Но там, где действия духа выражаются через деятельные действия и реальные факты, там оказывается, что действительно физическое соответствует метафизическому, а видимое — невидимому. Такие духовные деятельные действия представляются нам тогда тайной душой воинственных предприятий, увенчание которых — это настоящая и реальная победа. Материальная военная победа будет тогда голым соответствием духовного факта, который обусловил победу там, где связаны между собой внешнее и внутреннее. Победа проявляется, таким образом, как ощутимый знак инициации и мистического возрождения, которые совершались в одной и той же точке. Фурии и смерть, перед лицом которых воин материально выдержал на поле сражения, встречают его также внутри, в духовном, в форме опасного прорыва самых глубоких причин его существа. Когда он торжествует над ними, победа остается за ним. И слава, которая окружает его тогда, — это не пустой звук, а настоящая сила, метафизическое откровение, вспышка верхнего мира.
В этой связи объясняется, почему в традиционном мире каждая победа получала сакральное значение.
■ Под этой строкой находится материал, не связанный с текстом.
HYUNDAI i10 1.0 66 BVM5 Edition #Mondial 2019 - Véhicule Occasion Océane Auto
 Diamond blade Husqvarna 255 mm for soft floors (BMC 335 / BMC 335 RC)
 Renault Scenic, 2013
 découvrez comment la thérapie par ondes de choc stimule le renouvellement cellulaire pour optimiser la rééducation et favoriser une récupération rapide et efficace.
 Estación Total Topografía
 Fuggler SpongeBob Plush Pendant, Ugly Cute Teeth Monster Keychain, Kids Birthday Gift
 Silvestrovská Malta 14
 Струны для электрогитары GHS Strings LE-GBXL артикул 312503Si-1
Так встречаемый с ликованием победивший на полях сражения полководец обнаруживал переживание присутствия мистической, преображающей его силы. Так нужно понимать глубокий смысл сверхъестественного характера, прорывающегося в славе и в «божественности» победителей. От богини победы Ники дорический герой Геракл получает венок, который позволяет ему стать сопричастным с олимпийским бессмертием. Если валькирии — валькирии одновременно понимались также как те силы, которые нагоняют на врага панический ужас — переносят души героев к местонахождению бессмертия, то они также и те, которые определяют окончательную победу. Мистическая теология учит, что спасающий духовный показ совершается в славе, и христианская иконография окружает головы святых и мучеников ореолом славы. Однако, все это означает уже зачахшее, искаженное наследие нашей наивысшей героической традиции. Иранская арийская традиция знала как раз уже понятую как небесный огонь славу, которая спускается на королей и вождей, делает их бессмертными и свидетельствует о них в победе. И античная царская корона с лучами символизировала как раз славу как солнечный и небесный мистический огонь. Если проверить самый глубокий смысл свойственной рыцарству точки зрения на испытание оружия, то обнаружится то же самое представление: победа равна сверхъестественному знаку правды, справедливости, права. В силу той же мысли церемония триумфа имела в Риме более сакральный, нежели военный характер. Триумфатор ехал к храму светящегося капитолийского бога неба, чтобы положить в его руки лавры победы, и этим выражалось то, что истинным творцом победы была не столько человеческая и смертная часть победителя, сколько трансцендентный, надличностный элемент, который и приравнивал победителя к богу в образном понимании. По этой причине победитель для триумфальной церемонии надевал на себя все свойственные этому божеству символы и знаки. Свет, солнечное сияние, слава, победа, божественная королевская власть — это представления, которые в классическом и индогерманском мире появляются в самой тесной связи. В этом смысле мистическое учение о победе является для нас светящейся высшей точкой нашей общей традиции действия.